- What is required -
Only one stretch of the data is wanted: the line containing "Carte de voeux", the line containing "Bild: 9783457726556 |", and every line between them, copied exactly.

Saved entries
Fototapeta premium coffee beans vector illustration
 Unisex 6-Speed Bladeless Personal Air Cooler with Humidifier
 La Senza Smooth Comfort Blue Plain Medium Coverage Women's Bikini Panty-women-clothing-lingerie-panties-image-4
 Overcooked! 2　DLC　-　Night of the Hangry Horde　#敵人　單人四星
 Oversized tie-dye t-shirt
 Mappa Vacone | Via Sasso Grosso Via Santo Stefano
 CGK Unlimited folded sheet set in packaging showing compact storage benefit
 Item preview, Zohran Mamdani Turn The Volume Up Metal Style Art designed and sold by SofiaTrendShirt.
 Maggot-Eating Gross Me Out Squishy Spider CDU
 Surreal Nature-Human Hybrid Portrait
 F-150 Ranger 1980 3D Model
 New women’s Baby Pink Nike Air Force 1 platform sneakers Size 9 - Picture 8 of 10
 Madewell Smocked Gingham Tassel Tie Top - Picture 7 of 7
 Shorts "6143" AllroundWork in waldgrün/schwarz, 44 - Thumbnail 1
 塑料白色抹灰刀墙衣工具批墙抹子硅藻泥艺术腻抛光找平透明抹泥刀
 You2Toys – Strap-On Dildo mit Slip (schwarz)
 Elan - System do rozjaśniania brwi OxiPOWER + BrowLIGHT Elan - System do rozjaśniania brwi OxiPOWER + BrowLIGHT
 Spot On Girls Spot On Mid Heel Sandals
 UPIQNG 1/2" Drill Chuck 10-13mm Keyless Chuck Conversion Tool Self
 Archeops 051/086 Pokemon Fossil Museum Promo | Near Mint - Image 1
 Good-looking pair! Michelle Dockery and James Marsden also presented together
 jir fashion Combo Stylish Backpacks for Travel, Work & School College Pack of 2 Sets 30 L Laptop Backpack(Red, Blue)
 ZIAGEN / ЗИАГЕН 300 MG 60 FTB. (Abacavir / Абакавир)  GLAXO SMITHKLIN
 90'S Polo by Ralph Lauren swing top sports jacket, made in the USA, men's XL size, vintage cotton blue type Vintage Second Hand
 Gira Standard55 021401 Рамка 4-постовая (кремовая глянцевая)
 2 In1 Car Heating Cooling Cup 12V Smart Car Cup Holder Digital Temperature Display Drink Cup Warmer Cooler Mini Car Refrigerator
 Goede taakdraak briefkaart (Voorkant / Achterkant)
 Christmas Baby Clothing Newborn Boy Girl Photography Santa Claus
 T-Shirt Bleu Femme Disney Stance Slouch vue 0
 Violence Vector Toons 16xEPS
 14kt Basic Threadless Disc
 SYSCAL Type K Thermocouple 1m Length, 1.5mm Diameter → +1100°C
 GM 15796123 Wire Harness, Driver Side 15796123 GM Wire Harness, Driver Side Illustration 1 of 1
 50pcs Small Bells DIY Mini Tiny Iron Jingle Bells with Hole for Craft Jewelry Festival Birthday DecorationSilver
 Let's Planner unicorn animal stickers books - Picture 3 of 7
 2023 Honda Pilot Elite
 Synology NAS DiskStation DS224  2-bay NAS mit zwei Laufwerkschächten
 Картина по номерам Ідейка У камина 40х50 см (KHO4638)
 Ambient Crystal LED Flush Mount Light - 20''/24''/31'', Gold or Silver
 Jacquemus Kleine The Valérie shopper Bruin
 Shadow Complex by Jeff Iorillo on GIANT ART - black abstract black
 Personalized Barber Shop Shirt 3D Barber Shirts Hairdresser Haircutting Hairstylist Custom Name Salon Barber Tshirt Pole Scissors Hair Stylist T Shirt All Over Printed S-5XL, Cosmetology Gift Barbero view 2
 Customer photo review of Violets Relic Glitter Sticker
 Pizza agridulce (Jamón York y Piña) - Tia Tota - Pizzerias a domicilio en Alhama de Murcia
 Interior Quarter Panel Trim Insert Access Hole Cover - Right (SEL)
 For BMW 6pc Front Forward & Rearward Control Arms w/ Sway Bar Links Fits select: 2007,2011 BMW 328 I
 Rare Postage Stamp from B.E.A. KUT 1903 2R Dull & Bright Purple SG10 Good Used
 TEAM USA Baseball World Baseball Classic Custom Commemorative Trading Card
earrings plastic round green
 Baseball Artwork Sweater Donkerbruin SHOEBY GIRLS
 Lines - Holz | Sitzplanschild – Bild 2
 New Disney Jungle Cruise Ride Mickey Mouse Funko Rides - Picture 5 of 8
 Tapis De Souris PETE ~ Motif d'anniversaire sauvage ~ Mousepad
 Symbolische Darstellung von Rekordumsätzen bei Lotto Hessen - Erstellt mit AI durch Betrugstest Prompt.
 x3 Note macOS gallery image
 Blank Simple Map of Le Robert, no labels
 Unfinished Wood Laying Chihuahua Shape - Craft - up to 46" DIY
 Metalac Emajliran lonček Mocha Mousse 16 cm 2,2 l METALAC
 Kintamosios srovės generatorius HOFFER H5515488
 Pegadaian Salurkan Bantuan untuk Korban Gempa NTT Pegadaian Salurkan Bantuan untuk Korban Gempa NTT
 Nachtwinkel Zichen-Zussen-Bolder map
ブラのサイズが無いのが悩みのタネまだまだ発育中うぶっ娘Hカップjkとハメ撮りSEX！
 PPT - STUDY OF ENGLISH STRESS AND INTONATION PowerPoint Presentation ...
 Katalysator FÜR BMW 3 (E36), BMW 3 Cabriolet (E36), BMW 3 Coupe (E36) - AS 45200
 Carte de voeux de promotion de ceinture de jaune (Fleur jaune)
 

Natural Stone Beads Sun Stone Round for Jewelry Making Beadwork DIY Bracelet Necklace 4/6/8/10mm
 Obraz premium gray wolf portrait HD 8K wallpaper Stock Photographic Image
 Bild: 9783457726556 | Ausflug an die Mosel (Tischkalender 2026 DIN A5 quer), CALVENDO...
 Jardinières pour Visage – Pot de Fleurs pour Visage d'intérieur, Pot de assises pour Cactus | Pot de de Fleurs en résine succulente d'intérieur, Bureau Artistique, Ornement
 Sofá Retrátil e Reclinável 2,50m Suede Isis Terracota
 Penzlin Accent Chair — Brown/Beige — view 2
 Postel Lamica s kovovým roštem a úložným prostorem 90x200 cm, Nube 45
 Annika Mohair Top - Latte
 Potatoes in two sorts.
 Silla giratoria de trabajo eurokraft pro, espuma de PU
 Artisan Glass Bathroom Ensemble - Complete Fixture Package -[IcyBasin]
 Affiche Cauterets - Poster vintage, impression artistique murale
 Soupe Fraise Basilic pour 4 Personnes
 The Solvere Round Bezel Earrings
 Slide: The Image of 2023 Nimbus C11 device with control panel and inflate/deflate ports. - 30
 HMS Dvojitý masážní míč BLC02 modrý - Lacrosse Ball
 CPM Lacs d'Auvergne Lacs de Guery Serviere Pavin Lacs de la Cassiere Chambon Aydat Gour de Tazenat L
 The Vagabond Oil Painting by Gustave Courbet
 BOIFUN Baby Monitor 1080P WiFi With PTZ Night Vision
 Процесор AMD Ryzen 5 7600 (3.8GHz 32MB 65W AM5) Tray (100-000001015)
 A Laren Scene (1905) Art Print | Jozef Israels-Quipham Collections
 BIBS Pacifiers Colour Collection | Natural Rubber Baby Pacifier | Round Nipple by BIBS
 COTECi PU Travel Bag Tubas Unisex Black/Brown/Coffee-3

- Solution for this exercise -
 Carte de voeux de promotion de ceinture de jaune (Fleur jaune)
 

Natural Stone Beads Sun Stone Round for Jewelry Making Beadwork DIY Bracelet Necklace 4/6/8/10mm
 Obraz premium gray wolf portrait HD 8K wallpaper Stock Photographic Image
 Bild: 9783457726556 | Ausflug an die Mosel (Tischkalender 2026 DIN A5 quer), CALVENDO...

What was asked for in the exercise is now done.